若い夫妻には、そこに済まざるえないと言うか、そこに住んでいる理由がある。
中古物件にしろ、なんであれ、一戸建てを購入するには、なにかと家計の年収との因果関係があることは確か。
ま、そう言った若い夫妻が購入できるのは、そう言った地価の値段に依存する。その上に立つ家屋の値段は、売却する際には、ほぼ0円の価値しかない。減価償却費とかを実証分析する際には、考慮に入れなければ分析結果は、モノを言う結果は出ないけど。
川嶋さんは、そう言った懐事状を知ってか否かは、わからないけども、総額の値段を言うと、その中でなにかと工面してくれる人だった。
例えば、他を削ってでも、大黒柱には、さるすべりの木を使ったりしていた。さるすべりの木がわからない人は、別に譲る。

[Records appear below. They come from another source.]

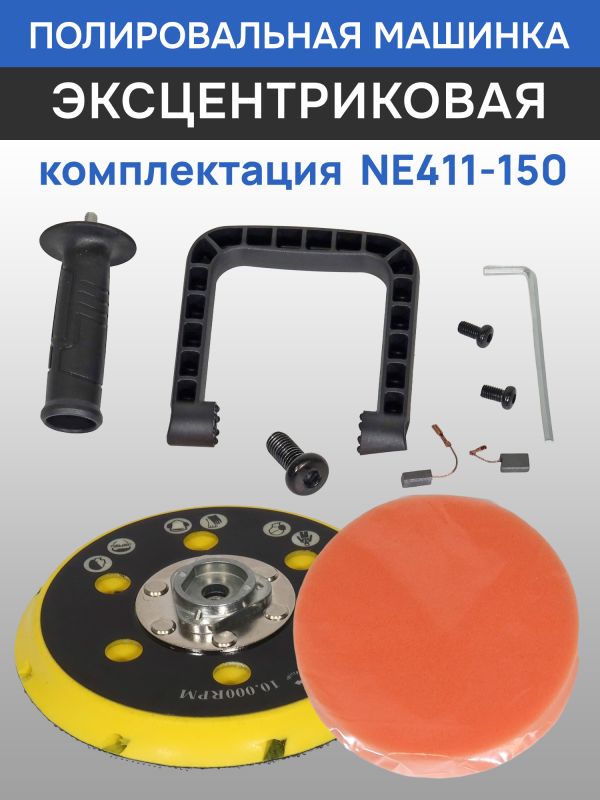 Полировальная эксцентриковая машинка Nordberg NE411-150 (ход 21мм; подошва 150мм; 2000-4800 об/мин) фото №5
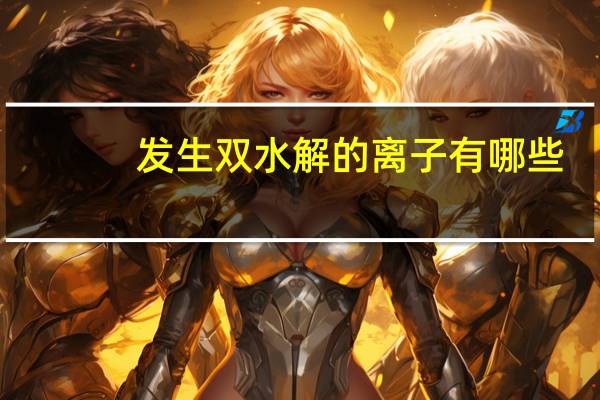 发生双水解的离子有哪些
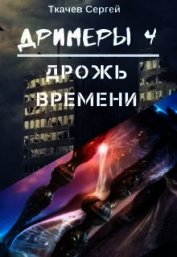Дрожь времени (СИ)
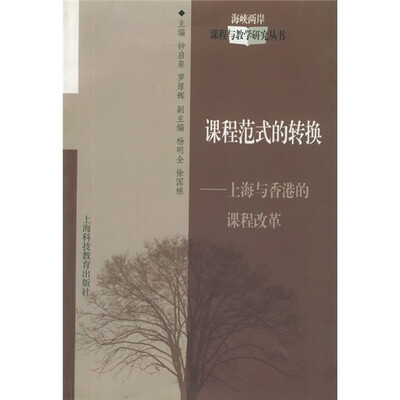 

课程范式的转换：上海与香港的课程改革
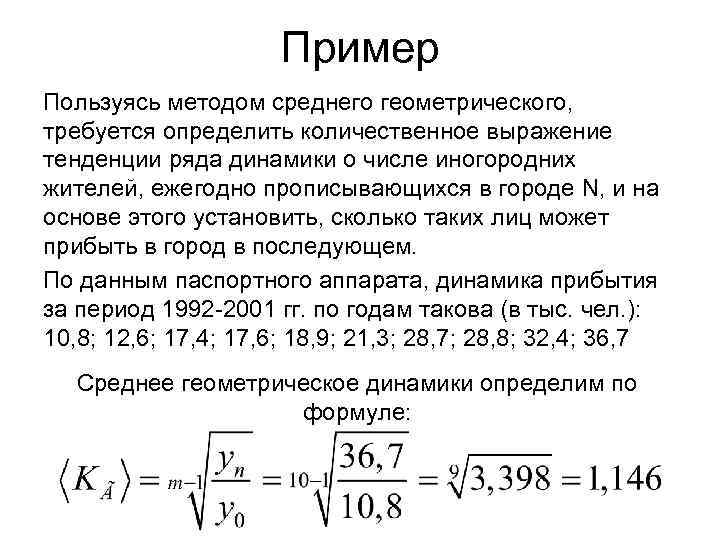 Среднее геометрическое формула. Средние величины в правовой статистике. Среднее геометрическое пример. Средняя Геометрическая пример. Средняя Геометрическая в правовой статистике.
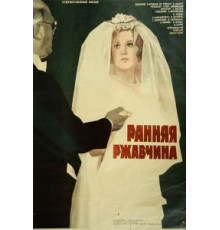 Ранняя ржавчина (1979)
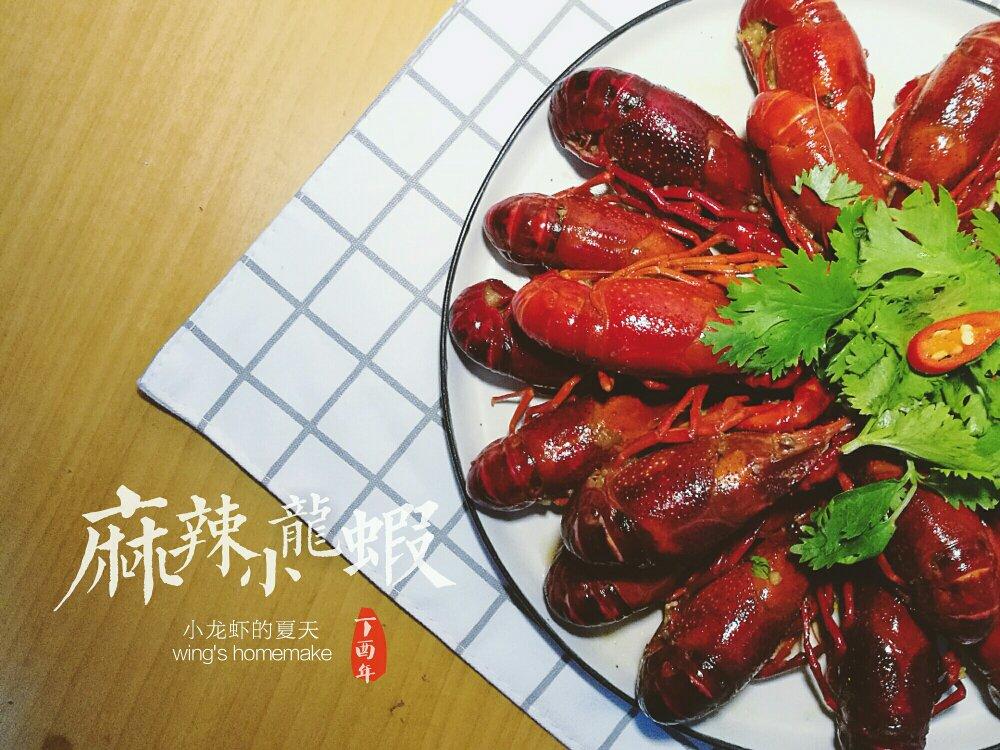 小龙虾的3+1种有爱吃法「厨娘物语」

とにかく、大黒柱に、さるすべりの木を持ってくるのには、なにかと縁起があるのである。
そうして、僕の住む二軒目の家は建った。
それをモデルにして、次の家も建つようになった。
その間、僕は、そこの家が建つ間、大工さんの木くずに、墨壺で線を引いたり、かんなの削り方を教わって過ごしていたことがある。
親は、仕事で忙しく、僕は、新しい土地に住み着いた、よそ者なので、友人などいない。
そうした思い出があるゆえに、小学校から餌付けして連れきた犬の小屋は自分で作った。
暑い中、できるだけの木くずを集めて。
もちろん、そんなことは、御構い無しに犬は壊してしまうのだけれども。
総じていえば、川嶋さんのお陰で、大工さんの苦労もわからなくはないし、いま、川嶋さんのような人に我が家の中古物件に手を入れてもらえないかなあ、と、考えている次第である。
だから、三谷幸喜の作品で一番好きな作品は、『みんなの家』。棟梁役の邦衛さんの演技には、いつも共感させられる。